Solskjaer is a decent man, someone who earned the affection of United supporters during his playing days at the club, and it's becoming painful to watch him suffer the ignominy of opposition fans taunting him with chants of "Five more years" and "Ole, give us a wave!" But unless the Glazer family, United's owners, and executive vice chairman Ed Woodward turn ruthless during the forthcoming international break by calling time on Solskjaer's 35-month reign as manager, the 48-year-old will limp on and experience more days like this, when his players fail to deliver against top-class opponents and his tactical shortcomings are exposed by elite coaches such as Pep Guardiola and Jurgen Klopp.
United and Solskjaer were utterly outclassed by City and Guardiola on Saturday. The final score may have been 2-0, but it could have been another 5-0 if not for the heroics of goalkeeper David de Gea. One senior figure at City told ESPN before the game that "I used to feel sick with nerves coming here, but that only happens at Anfield now." They had no need to worry this time either.
Since losing to Liverpool, United have won at Tottenham, drawn away to Atalanta in the Champions League (thanks to a last-minute Cristiano Ronaldo equaliser) and been taken back to school in defeat to City. If beating Spurs but losing to Liverpool and City is good enough for the Glazers and Woodward, that gives you an indication of where the bar is now set at Old Trafford. Yet the reality is that the past two years have been no different, and the club's decision to hand Solskjaer a new three-year contract in July was borne of the diminished standards that have now taken root.
"We are more confident than ever that, under Ole's leadership, we are heading in the right direction," Woodward said on the day that Solskjaer signed his new deal.
Solskjaer had not delivered a trophy for United or come close to challenging for the Premier League title when he signed his contract, yet it was enough for Woodward and the owners. But what progress has Solskjaer made, and are they really any closer to challenging for success? Results this season suggest not, but it's a well-established pattern.

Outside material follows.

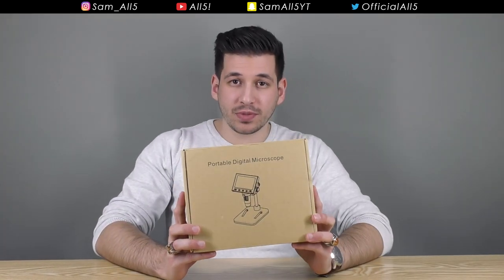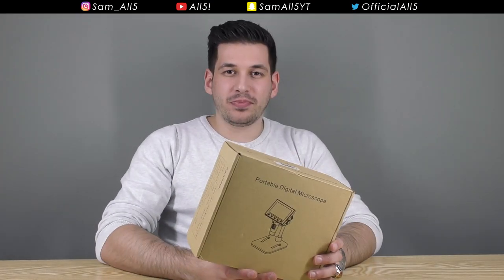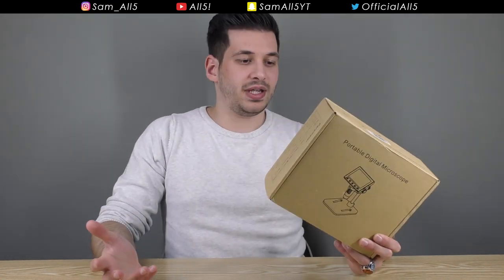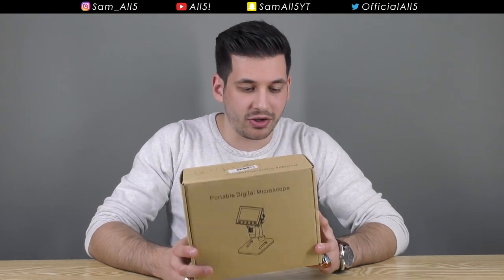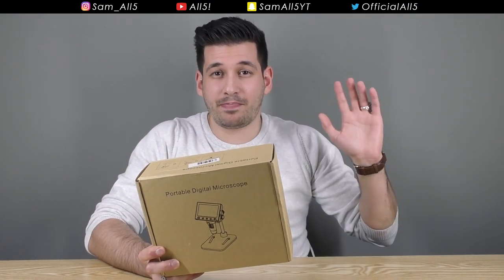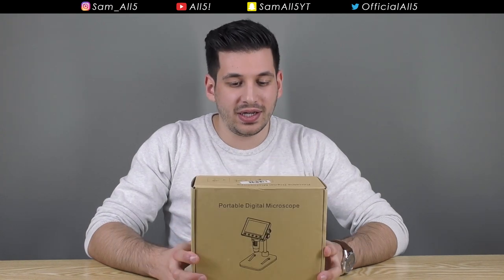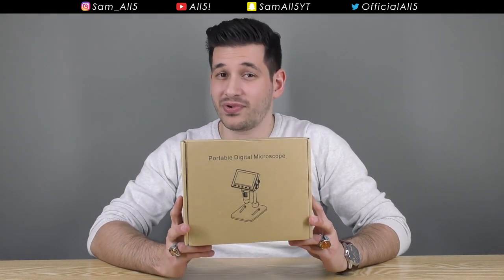Today I have a portable digital microscope. I don't know about you but digital microscopes seem like expensive pieces of kit, and that's probably because I've got no experience with microscopes. I don't work in any field that requires me to use a microscope, so for me it just seems like equipment you'd find in some high-tech lab that costs thousands of dollars. But I actually discovered you can pick up microscopes for pretty damn cheap.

Since Jan 1, 2020, United have lost 10 Premier League games at Old Trafford, collecting 56 points at home during that period. It is, by some distance, the worst home record of the so-called Big Six clubs. Before Saturday's games, City had collected 76 points at home during that time, with Liverpool and Chelsea both amassing 67 points on home turf. Spurs and Arsenal, meanwhile, have both won 61 points in front of their own fans.
Had United not embarked on an incredible 29-game unbeaten run away from home, which only ended at Leicester City last month, their home results would surely have placed Solskjaer under greater scrutiny.
Their home record against the Big Six is another indicator of Solskjaer's shortcomings as a winning coach. Since Jan. 1, 2020, they've taken just five points from a possible 27 against their Big Six rivals at Old Trafford. They sit bottom of the Big Six table -- four points behind Chelsea -- with City, Spurs and Arsenal all claiming 16 points in home games between each other.
Incredibly, 21% of United's home defeats in the Premier League era have come under Solskjaer's management. And they haven't kept a clean sheet at home in 14 games in all competitions -- the second-worst home run in the club's history. Those statistics are damning of Solskjaer's credentials, but the United hierarchy continue to suggest that he is the best man for the job.
With no trophies, dismal form at home and their title hopes gone for another season, it's difficult to know how the Glazers can justify their patience with the manager. ESPN reported after the Liverpool defeat that several members of Solskjaer's squad are unconvinced by the manager's tactical ability, and results since have done little to suggest that the Norwegian has won over the skeptics.
United's performance against City was so passive, it was as though they knew they had little chance of winning. And once they went behind in the seventh minute, when Eric Bailly flicked Joao Cancelo's cross into his own net, it was obvious United wouldn't win. Bernardo Silva's goal on the stroke of half-time, when Luke Shaw and Harry Maguire allowed a deep cross to reach the Portugal international for an easy tap-in at the far post, simply confirmed City's victory.
Guardiola's team had 68% of possession over 90 minutes. United managed just one shot on target; in fact, they ended up testing de Gea more than Ederson, with Victor Lindelof almost joining Bailly in the own goals with a miskick that was saved by de Gea.
It was a mess, one that grew when Solskjaer threw on substitute Jadon Sancho at half-time and deployed the right-winger out of position on the left, but that is United under Solskjaer. No discernible plan, no sense of direction, and when it comes up against a top team and top coach, it all falls apart.
The owners and Woodward may already realise this, but there is no sign yet of a change being made. The drift will continue until the top four begins to disappear over the horizon, but by then, it will be too late and another season will pass by with United treading water.